Brawn: Nowe zasady ułatwią wyprzedzanie
"Samochody będą miały dużo mniejszy docisk niż teraz, więc sytuacja ulegnie zmianie"
01.05.0810:14
2883wyświetlenia
Szef zespołu Honda Racing - Ross Brawn sądzi, że zakazanie koców grzewczych i nowe przepisy dotyczące aerodynamiki spowodują o wiele więcej manewrów wyprzedzania. Bolidy Formuły Jeden będą wyglądały nieco inaczej w przyszłym roku, kiedy poziom siły dociskowej zostanie drastycznie zredukowany po to, aby kierowcy mogli jeździć bliżej siebie, co zwiększy szanse na wyprzedzanie.
Samochody będą miały dużo mniejszy docisk niż teraz, więc sytuacja definitywnie ulegnie zmianie.- powiedział Brawn.
Wrażenie jest takie, że przy większej przyczepności mechanicznej/opon i niższym poziomie przyczepności wynikającym z aerodynamiki, jeden samochód będzie miał dużo łatwiej podążać tuż za innym. W konsekwencji wyprzedzanie też będzie łatwiejsze.
Będziemy mieć również przednie skrzydło o zmiennym kącie nachylenia, więc kiedy kierowca znajdzie się tuż za innym, będzie mógł zmienić balans swojego bolidu, co uchroni go przed utratą balansu aerodynamicznego w zakręcie, kiedy będzie jechał za przeciwnikiem.

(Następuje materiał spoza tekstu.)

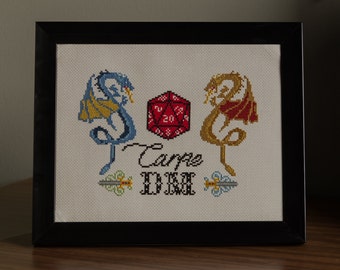 May include: A framed cross-stitch design featuring two dragons flanking a red twenty-sided die. The text "Carpe Diem" is stitched below the die.
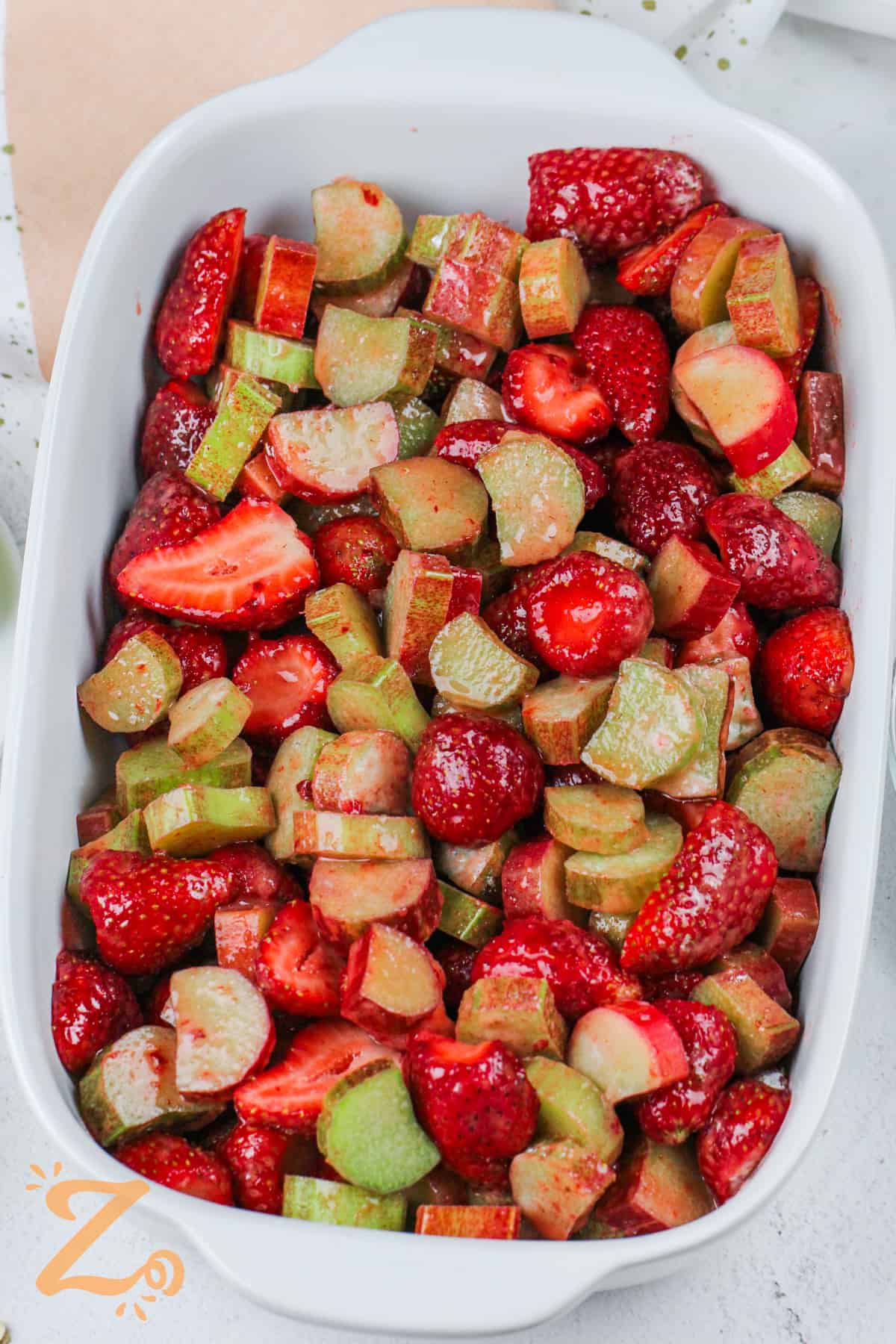 adding strawberry and rhubarb to the dish to make Strawberry Rhubarb Crisp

Jest wiele powodów, dla których powinno być lepiej, ale nie wszystkie efekty możemy przewidzieć, dlatego musimy poczekać i zobaczyć, jak to będzie.
W związku z zakazaniem ogrzewaczy opon, kierowca będzie musiał zmierzyć się z dwoma bądź trzema trudnymi okrążeniami po zmianie opon, zanim guma nagrzeje się do optymalnej temperatury. To przyczyniło się do sugestii, że zespoły będą chciały wykonywać jak najmniej pit-stopów, aby uniknąć tych wolnych okrążeń. Brawn uważa jednak, że tak wcale nie musi być i jest optymistycznie nastawiony do nowych zasad, które doprowadzą do większej różnorodności w strategiach zespołów.
Nie sądzę, aby coś takiego miało miejsce.- odpowiedział zapytany o to, czy zespoły będą próbowały ustawić tak strategię, aby zaoszczędzić możliwie najwięcej paliwa.
Myślę, że zespoły będą stosować bardzo interesujące strategie, ponieważ gdy będziesz opuszczał boksy, będziesz miał oczywiście zimne opony i nie będziesz w stanie bronić się przed kimś, kto będzie cię atakował, ale wyobraź sobie sytuacją, że jesteś wstrzymywany przez kogoś, kto jest na długim przejeździe.
Zjeżdżasz wcześniej po paliwo i nowe opony, potem rozgrzewasz je do odpowiedniej temperatury, a ten inny kierowca zjeżdża do boksów trzy okrążenia później i musi zmienić opony. Jeśli pozostaniesz w kontakcie i będziesz miał już rozgrzane opony, będziesz mógł go zaatakować. Widzę wiele różnych scenariuszy. Nie wydaje mi się, aby było to takie proste, że 'wygra ten, kto zostanie najdłużej na torze' - to nie działa na tej zasadzie. Jeśli opony będą miały umiarkowany poziom degradacji, będą stawać się coraz wolniejsze z każdym okrążeniem, więc będzie kolejny brak równowagi w tym aspekcie.
To będzie fascynujące, kiedy wyjedziesz na zimnych oponach i będziesz miał dwa lub trzy okrążenia na dojście do normalnego poziomu, więc będziesz bezbronny. Ludzie będą mieli możliwość wyprzedzania i to jest to czego chcemy. Możemy coś podobnego zaobserwować w GP2. Jest potencjał na dużo więcej okazji do wyprzedzania.- dodał Brawn.